> [Task]
Where the data below begins, start retyping exactly, and end on the line with "Для учебы, Б/у, Apple M4, ОЗУ, RAM: 16 ГБ", which is included; no picture goes in.

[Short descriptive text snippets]
##########

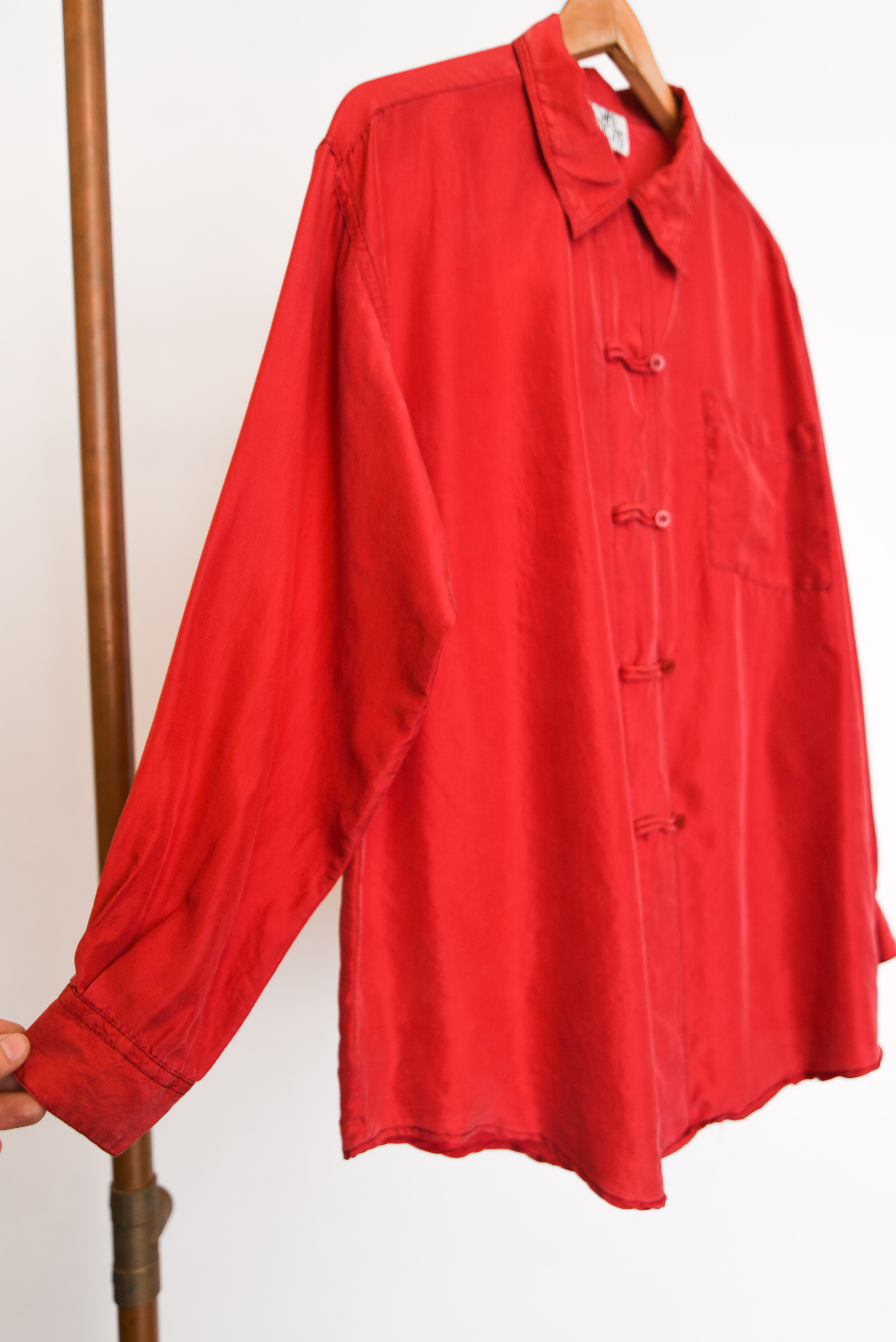 Blusa roja seda oriental vntg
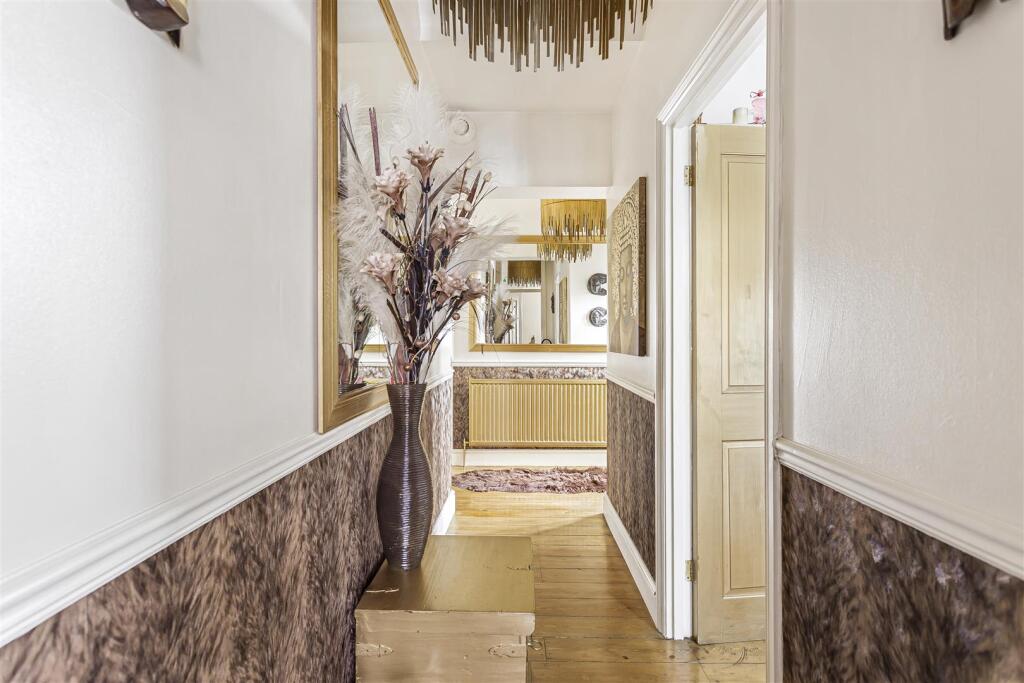 Thetford Hallway2.jpg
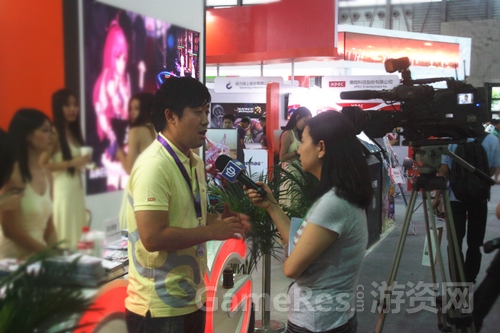 图5：STV上海电视台采访报道.jpg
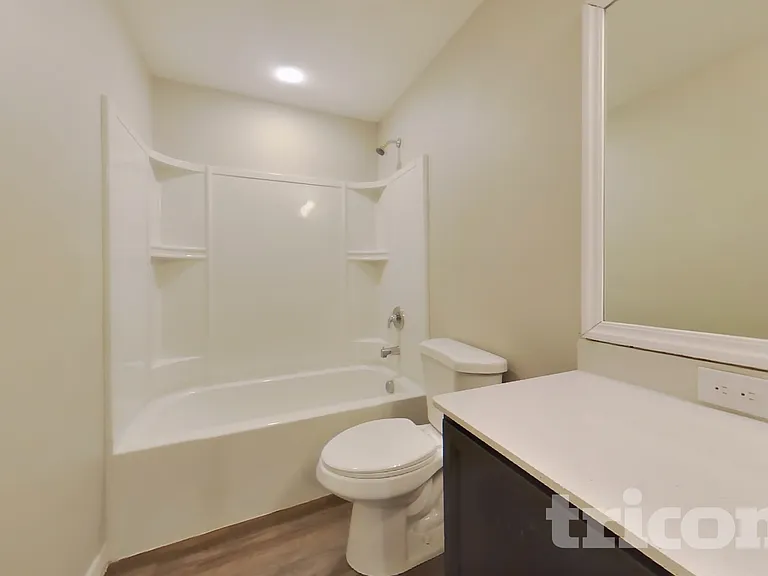 1744 Chatham Green Cir — Photo 16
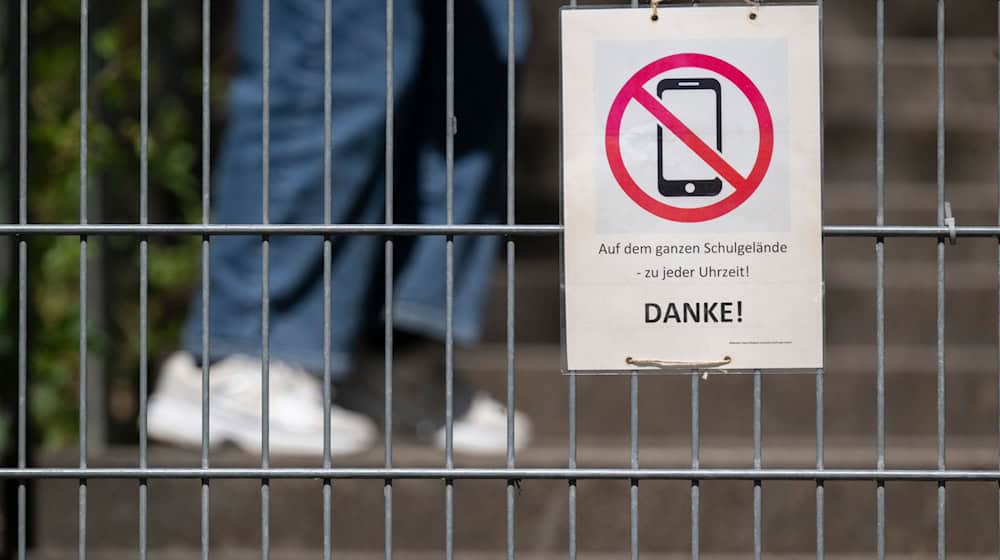 Pawšalny, zakonski zakaz smartphona tež w dalewjedźacych šulach njeje z wida za kubłanje přisłušnych ministrow z Durinskeje, Sakskeje a Saksko-Anhaltskeje žane rozrisanje. (Archivbild) / Foto: Marijan Murat/dpa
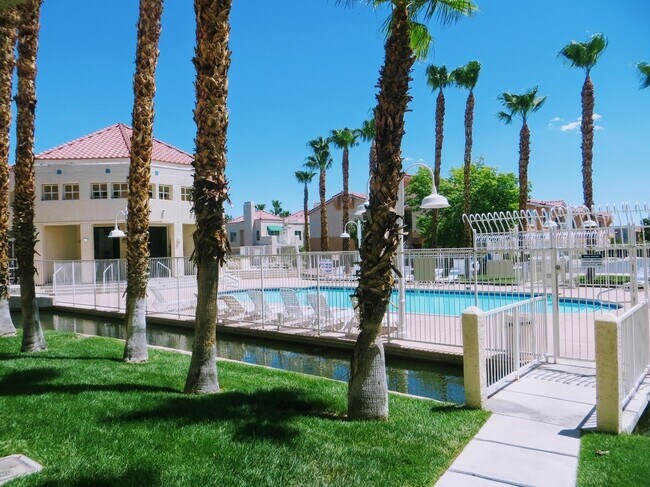 Foto del edificio - Beautiful Condo in a Gated Community!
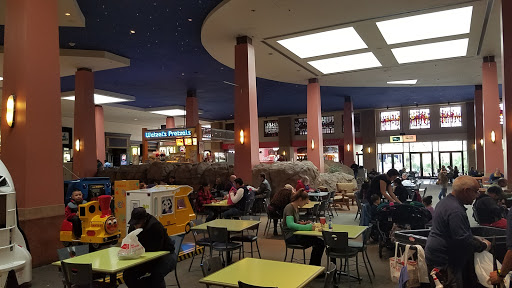 Shopping Mall «Paradise Valley Mall», reviews and photos, 4568 E Cactus Rd, Phoenix, AZ 85032, USA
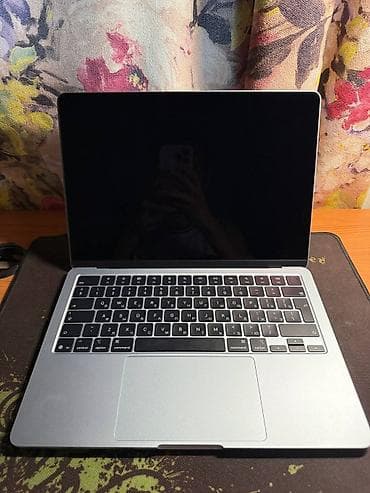 Для учебы, Б/у, Apple M4, ОЗУ, RAM: 16 ГБ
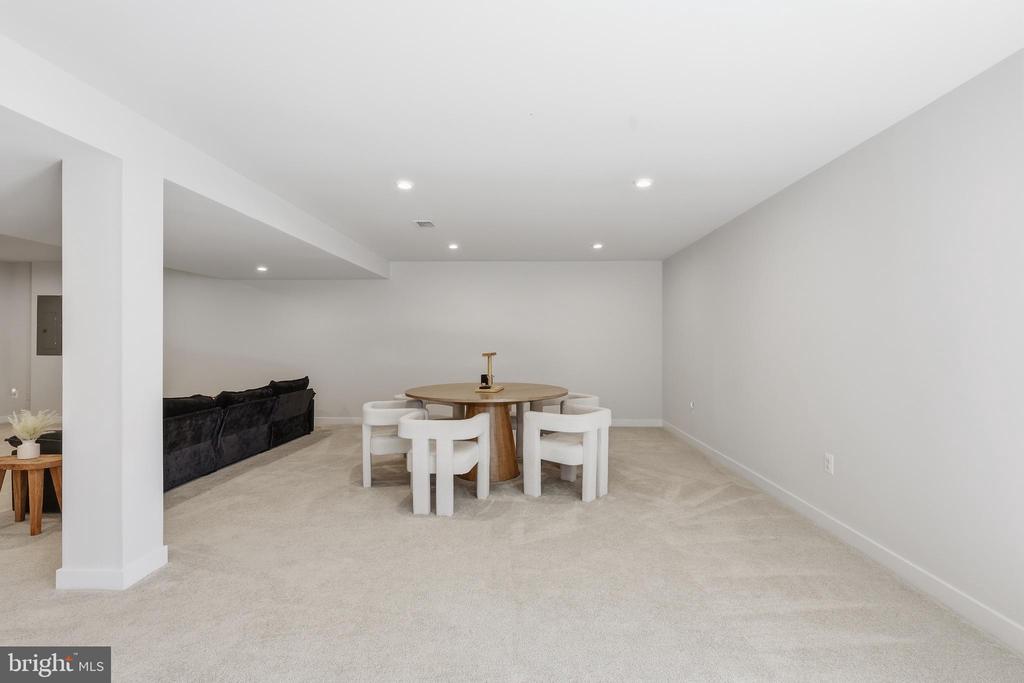 8705 DAVIS CT, SPOTSYLVANIA, Virginia 22553, 5 Bedrooms Bedrooms, ,3 BathroomsBathrooms,Residential,8705 DAVIS CT,VASP2039540 MLS # VASP2039540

##########

> [Response below]
 Blusa roja seda oriental vntg
 Thetford Hallway2.jpg
 图5：STV上海电视台采访报道.jpg
 1744 Chatham Green Cir — Photo 16
 Pawšalny, zakonski zakaz smartphona tež w dalewjedźacych šulach njeje z wida za kubłanje přisłušnych ministrow z Durinskeje, Sakskeje a Saksko-Anhaltskeje žane rozrisanje. (Archivbild) / Foto: Marijan Murat/dpa
 Foto del edificio - Beautiful Condo in a Gated Community!
 Shopping Mall «Paradise Valley Mall», reviews and photos, 4568 E Cactus Rd, Phoenix, AZ 85032, USA
 Для учебы, Б/у, Apple M4, ОЗУ, RAM: 16 ГБ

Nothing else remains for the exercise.